**What to do**
Only the lines below from the one with "13112 Royal Pines" through the one with "a bedroom with" are to be written out, exactly and without any images.

**Records supplied**

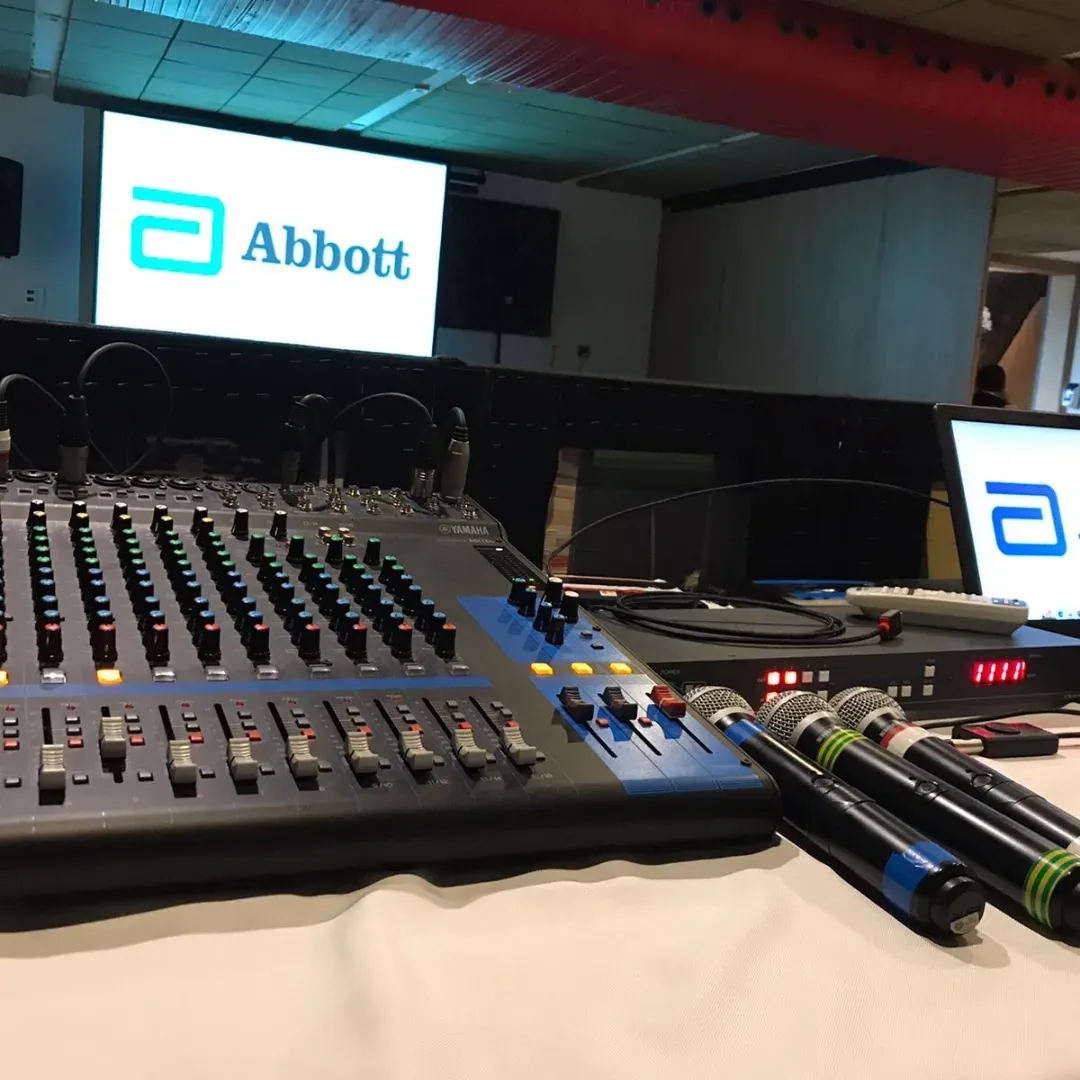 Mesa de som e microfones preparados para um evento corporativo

---

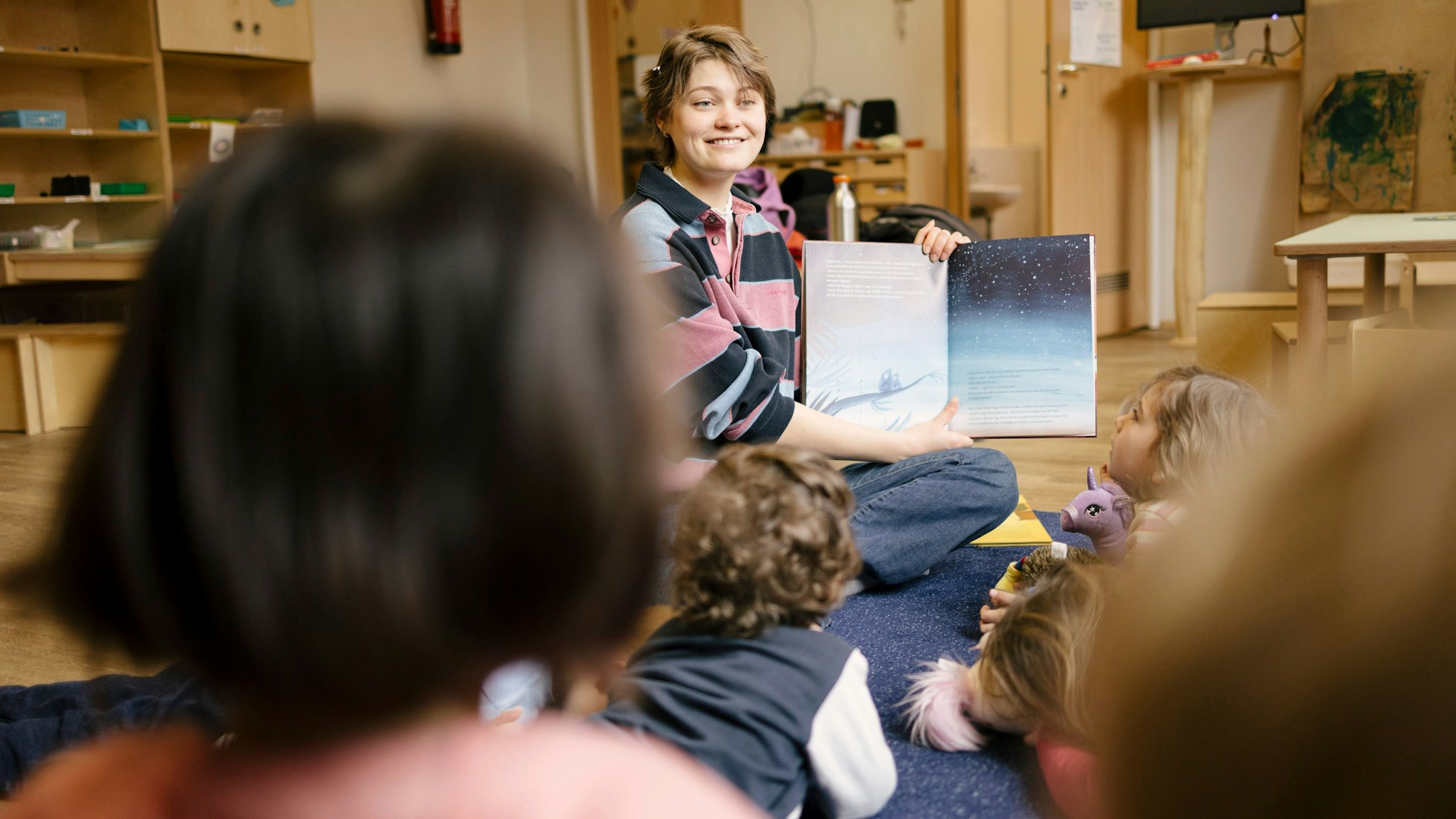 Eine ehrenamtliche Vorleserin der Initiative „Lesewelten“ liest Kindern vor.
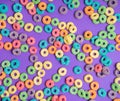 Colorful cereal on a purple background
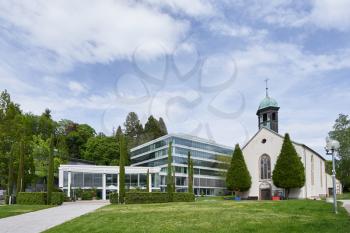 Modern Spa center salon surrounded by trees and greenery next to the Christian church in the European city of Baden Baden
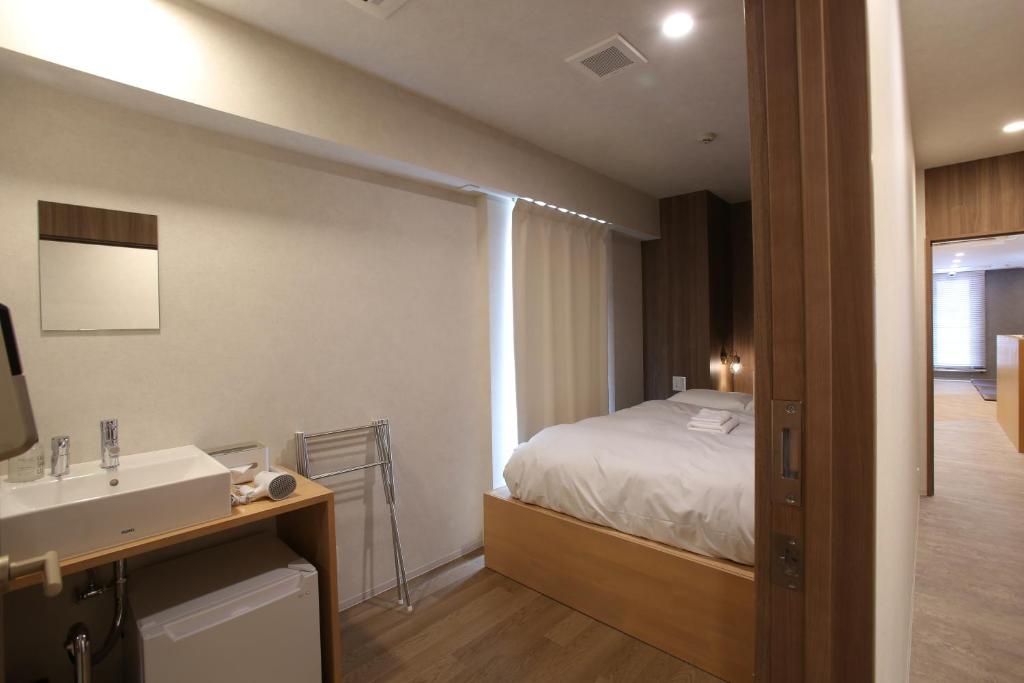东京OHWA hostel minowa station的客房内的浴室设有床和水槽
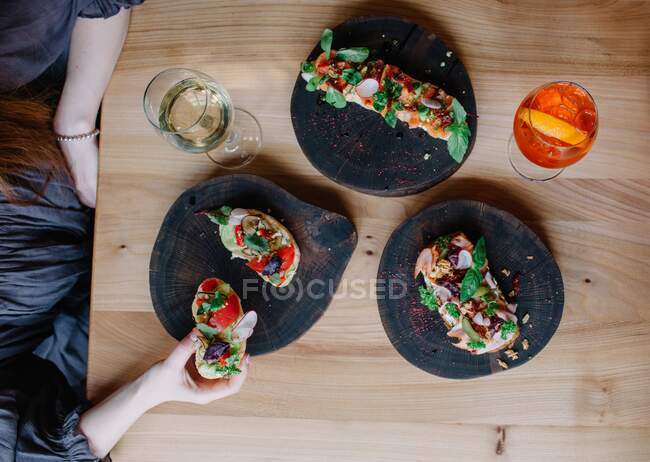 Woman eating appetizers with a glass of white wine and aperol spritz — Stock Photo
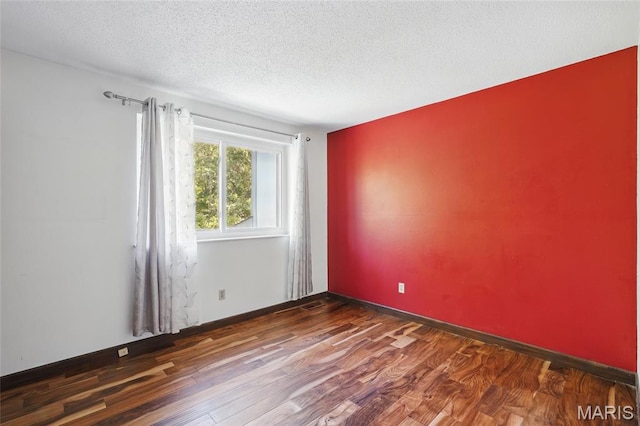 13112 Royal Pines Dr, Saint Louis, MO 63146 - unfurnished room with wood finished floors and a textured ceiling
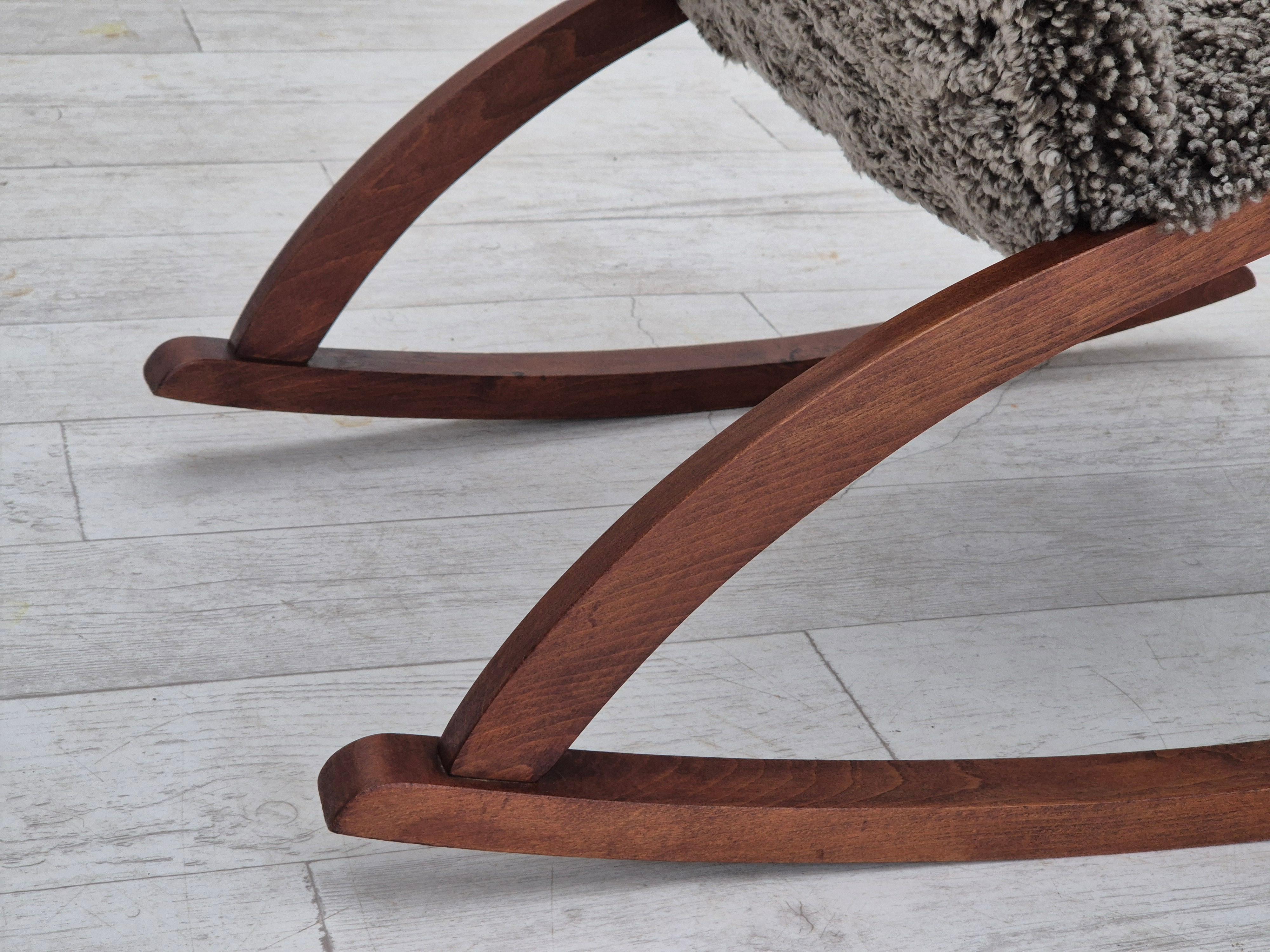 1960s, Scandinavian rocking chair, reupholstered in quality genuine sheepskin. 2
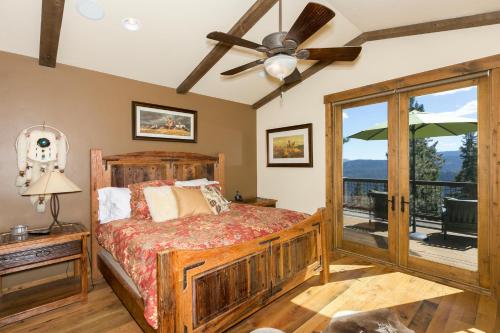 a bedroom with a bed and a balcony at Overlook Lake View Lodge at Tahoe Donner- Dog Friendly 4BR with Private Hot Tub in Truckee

**Output**
 13112 Royal Pines Dr, Saint Louis, MO 63146 - unfurnished room with wood finished floors and a textured ceiling
 1960s, Scandinavian rocking chair, reupholstered in quality genuine sheepskin. 2
 a bedroom with a bed and a balcony at Overlook Lake View Lodge at Tahoe Donner- Dog Friendly 4BR with Private Hot Tub in Truckee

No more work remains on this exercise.